## Instructions to follow
Search the entries below for "força" and copy each matching line.

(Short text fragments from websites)
----

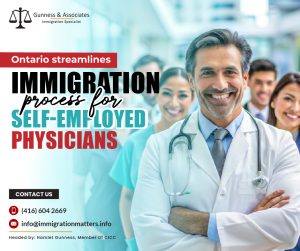 Ontario Streamlines Immigration Process for Self-Employed Physicians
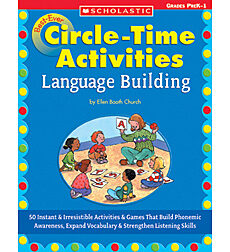 Best-Ever Circle-Time Activities: Language Building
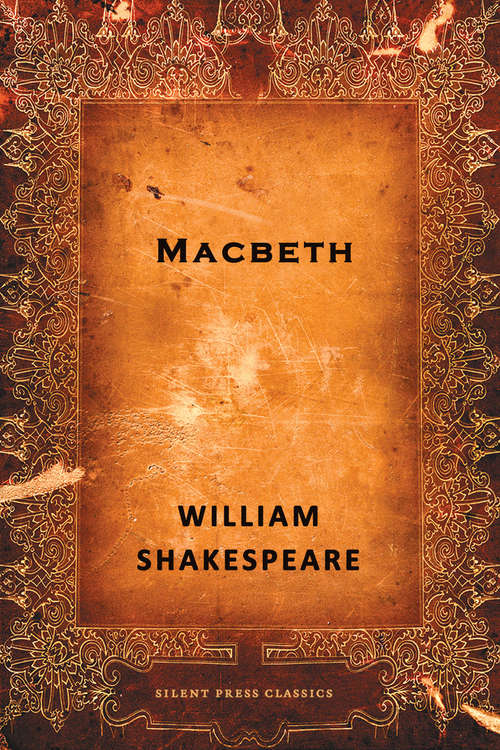 Book cover of Macbeth: A Tragedy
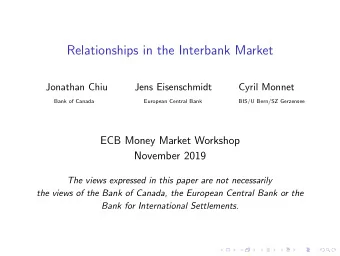 Relationships in the Interbank Market  Jonathan Chiu  Jens Eisenschmidt  Cyril Monnet  Bank of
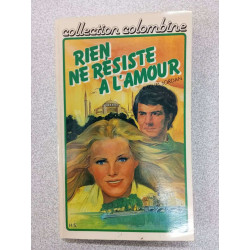 Rien ne résiste à l'amour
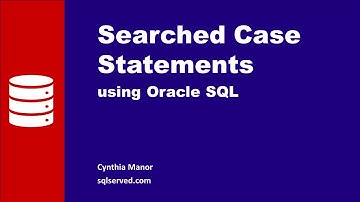 Oracle SQL Searched CASE Statements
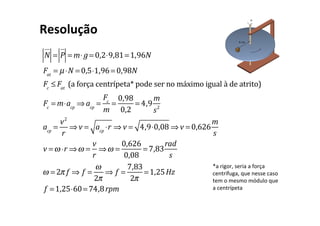 N
!"
= P
!
"
= m⋅ g = 0,2⋅9,81=1,96N
Fat
= µ⋅N = 0,5⋅1,96= 0,98N
Fc
≤ Fat
(a força centrípeta* pode ser no máximo igual à de atrito)
Fc
= m⋅acp
⇒ acp
=
Fc
m
=
0,98
0,2
= 4,9
m
s2
acp
=
v2
r
⇒ v = acp
⋅r ⇒ v = 4,9⋅0,08 ⇒ v = 0,626
m
s
v =ω ⋅r ⇒ω =
v
r
⇒ω =
0,626
0,08
= 7,83
rad
s
ω = 2π f ⇒ f =
ω
2π
⇒ f =
7,83
2π
=1,25Hz
f =1,25⋅60= 74,8rpm
Resolução
*a rigor, seria a força
centrífuga, que nesse caso
tem o mesmo módulo que
a centrípeta
 
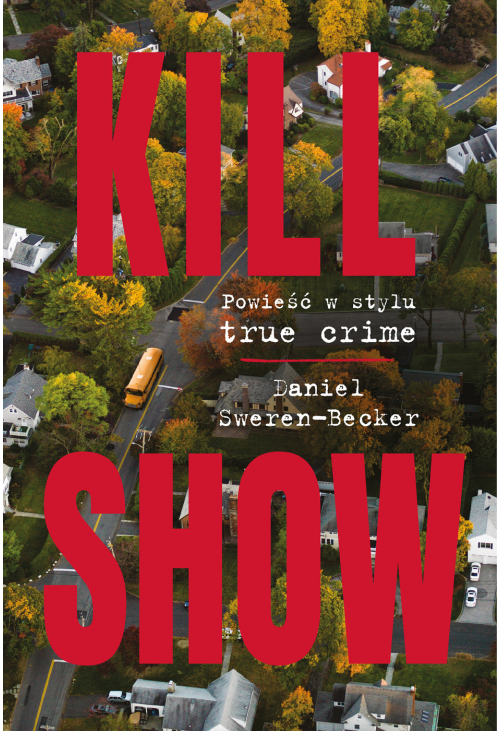 Kill Show. Powieść w stylu true crime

----

## Completed exercise
(a força centrípeta* pode ser no máximo igual à de atrito)
*a rigor, seria a força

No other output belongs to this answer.